To secure an intact airway is an important goal for the safety of patient. Sometime unrecognized or unanticipated difficult airway may lead to unexpected bad outcome like hypoxic brain damage or death. The aim and objective of this study is to predict difficult laryngoscopy using Modified Mallampati classification and Upper lip bite test as methods of airway assessment and to confirm the above findings with Cormack and Lehane grading. These tests will be used in combination to assess their sensitivity and specificity in order to determine their positive predictive value and negative predictive value.

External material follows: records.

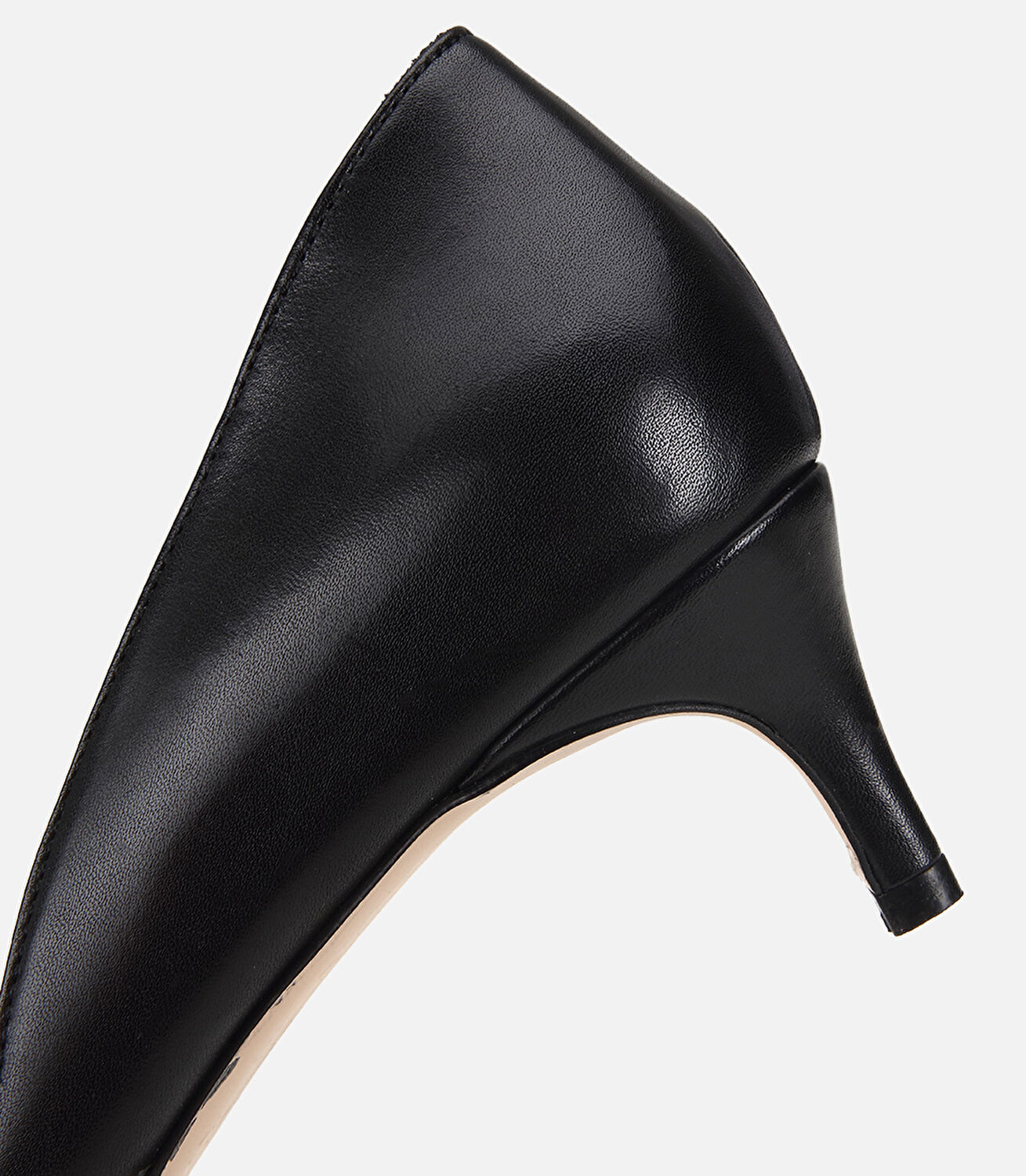 Kadın Siyah Deri Gold Tokalı Kısa Topuklu Stiletto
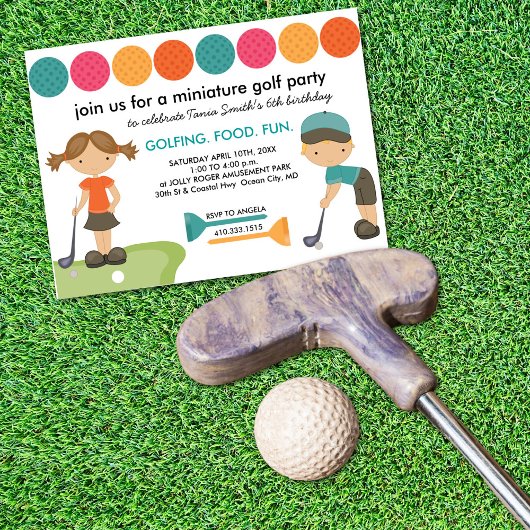 Miniature Golf Birthday Party Invitations for Kids Kaart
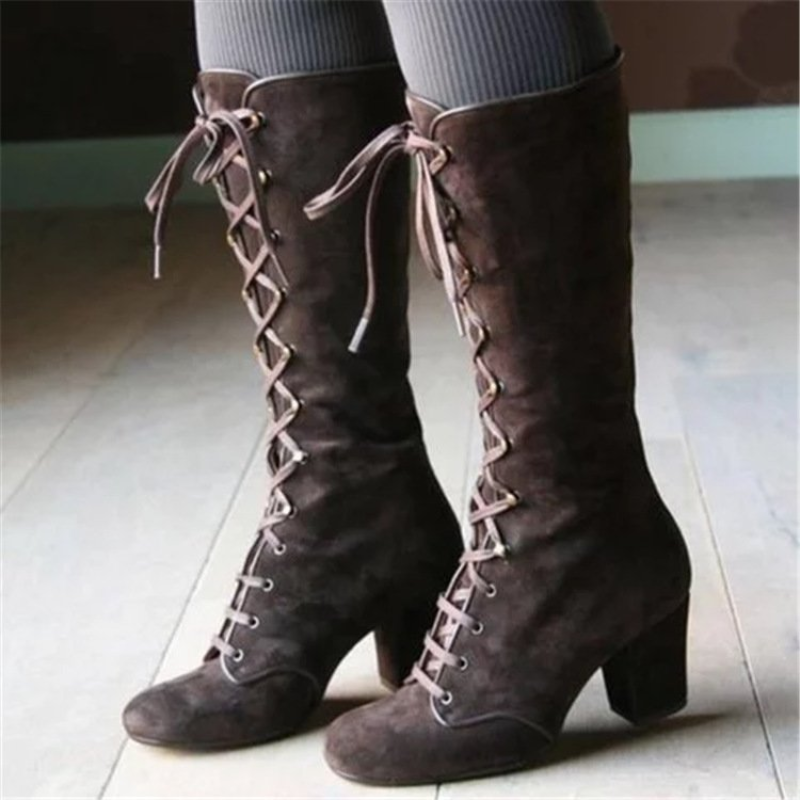 MonAmi ronde teen veterboots leer bruin comfortabele hoge laarzen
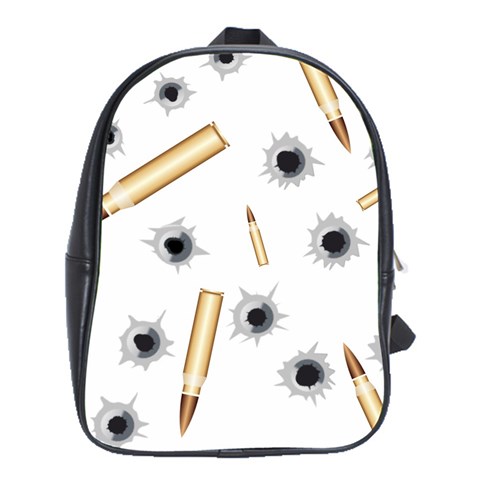 Bulletsnbulletholes School Bag (XL) from ArtsNow.com Front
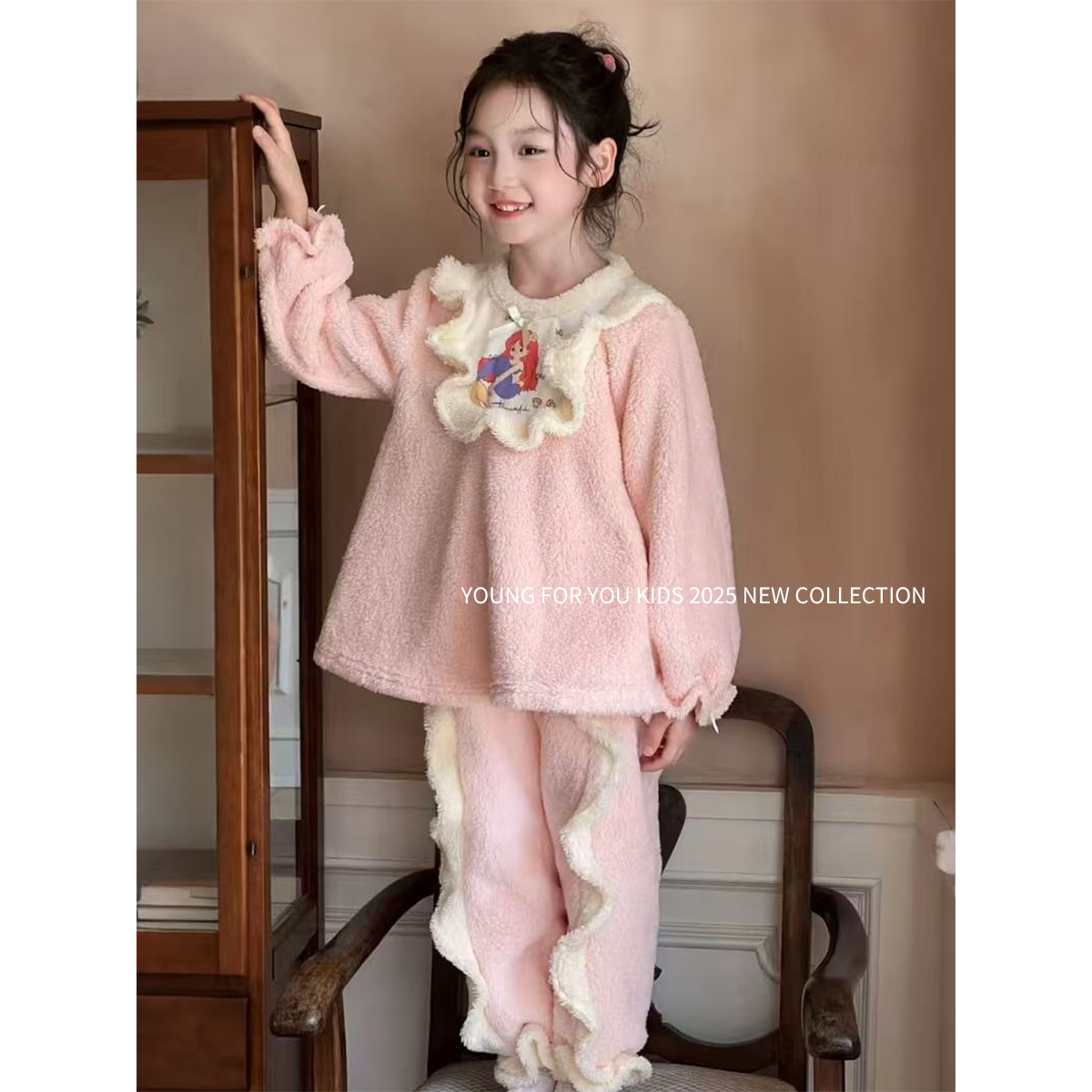 YFY冬季女童爱丽儿美人鱼睡衣套装家居服法兰绒珊瑚绒保暖加厚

Material and methodology: The preoperative airway assessment was conducted using both the screening tests, Modified Mallampatti test and the Upper lip bite test. Modified Mallampatti test grade III or IV and Upper lip bite test grade III were considered as predictors of difficult intubation. Intubation was considered difficult if the view on laryngoscopy was Cormack and Lehane grade III or IV. The results were evaluated on the basis of sensitivity, specificity, positive and negative predictive value of these tests.
Results: The Modified Malampati test has higher sensitivity of 71.43% and negative predictive value 97.65% resulting as better individual test for predicting difficulty for intubation than by Upper lip bite test with sensitivity of 28.57% and negative predictive value of 94.79%. This means that several patients with difficult intubation will not be identified by Upper lip bite test.